A Look at Leon Metz’ Dallas Stoudenmire

The Story of Dallas Stoudenmire

 

Leon Metz is a qualified western historian author, but even so, there still just hasn’t been much to say about Dallas Stoudenmire. Pretty much everything that’s known comes from his time as the Marshal of El Paso, and so, given our limits of information, this book is, understandably, not a very long read. Fortunately, Metz still gives us plenty of reason to pick it up and enjoy.

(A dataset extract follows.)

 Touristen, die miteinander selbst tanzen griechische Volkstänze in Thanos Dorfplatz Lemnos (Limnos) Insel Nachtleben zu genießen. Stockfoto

To the delight of some, and to the chagrin of others, one thing that Metz doesn’t do is load the book with pages and chapters of social and economic conditions of the areas relevant to the life of Stoudenmire. I hear complaints, sometimes, of authors filling in a book with too much information about the history of said valley, or context on how a certain town was built up, and who moved in first, and how they all voted to build a well, and then the well couldn’t be built because of a municipal issue, and then, fifteen years later, our subject gunman finally came riding into town. This is obviously facetious, but the point being that some love more and more context, and some find it tedious.

Metz goes the less-is-more route in this book, but still gives plenty of context. In fact, I’d say his historical summation of El Paso was just the right balance. The strongest points in this area are probably his looks at the various players of the time in El Paso. In only roughly 130 pages he gives a great snapshot of the current climate that Dallas walked into, and connects you to the man and his dilemma’s.

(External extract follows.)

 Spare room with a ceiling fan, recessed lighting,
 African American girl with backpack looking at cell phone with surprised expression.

The biggest problem I had with this book is wishing that there was more to say about Dallas Stoudenmire, but there just isn’t much known. Given Metz’s wonderful telling, and the intriguing nature of Dallas Stoudenmire, I really wish we could have a book two or three times the page count, but in absence of that, thank goodness we have what we do.

If Dallas Stoudenmire is a character you don’t know much about you should really get familiar. And this is just the gunfighter that you can learn about with out the inevitable continuous heavy involvement of the world of Wyatt Earp or Billy the Kid.